Metro Manila residential property has been one of Southeast Asia real estate’s largest success stories during the past few years. In 2019, Knight Frank named the capital as Asia-Pacific’s top luxury residential property market with selling prices increasing by nearly 25 percent between 2017 and 2019.
However, the seller’s market in Metro Manila could be closing. The government announced that enhanced community quarantine (ECQ) would be extended into mid-May as the Philippines continues to battle the COVID-19 pandemic. That has caused some experts to adjust predictions that were originally much more optimistic regarding the country’s property market.
“It’s a bit harsh to say that the party has totally ended because the demand is there. There is a pause, I think. What’s happening now is we have been in a landlord’s market for an overextended period already. We’re at this pivotal point wherein it will become a tenant’s market,” Colliers International Managing Director Richard Raymundo told the Philippines Inquirer.
The consultancy expects supply in the residential sector to drop by almost 20 percent this year with the vacancy rate in Metro Manila possibly surpassing 15 percent. For comparison, both the supply and vacancy rates were 11 percent in 2019.
Demand for Metro Manila residential property is being softened by two ECQ-related events. Firstly, local unemployment is rising which will impact the mid-market sector. Secondly, continued travel restrictions are taking its toll on demand from both OFW and foreign investors.

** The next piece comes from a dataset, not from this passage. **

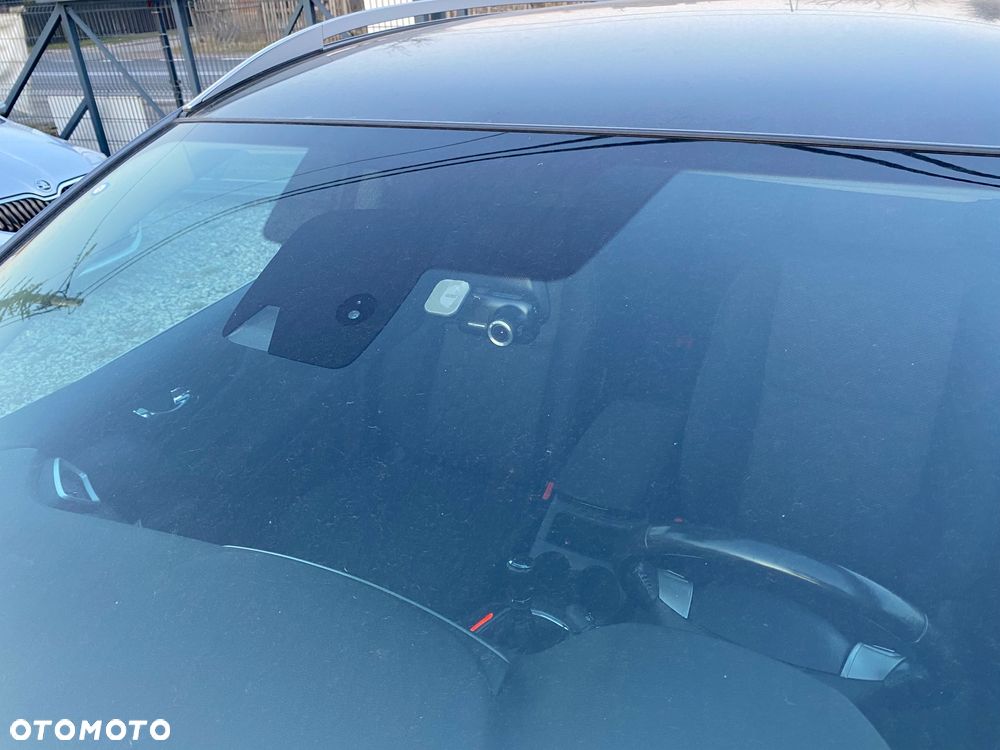 Nissan Qashqai 1.6 DIG-T N-Connecta - 37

Metro Manila residential property
Experts remain divided on when the Metro Manila residential property recovery will begin, but there is a sector that is already emerging as a buyer’s market. According to Lobien Realty Group, prices for homes on the secondary market will fall. The consultancy added that newly launched and recently completed project prices are expected to remain at pre-ECQ levels.
With some property owners wanting to dispose their assets for liquidity, prices on the secondary market could prove to be extremely attractive when compared to pre-selling units, Lobien Realty Group noted. It may also see properties in some highly-desirable developments hit the open market.
According to Colliers International, rental rates and residential values will both start to recover in 2021 although this growth will be at a more modest pace than in previous years. Those considering buying Metro Manila residential property on the secondary market may not see the immediate returns found as recently as last year, but should be positioned well when the Philippines recovers in full.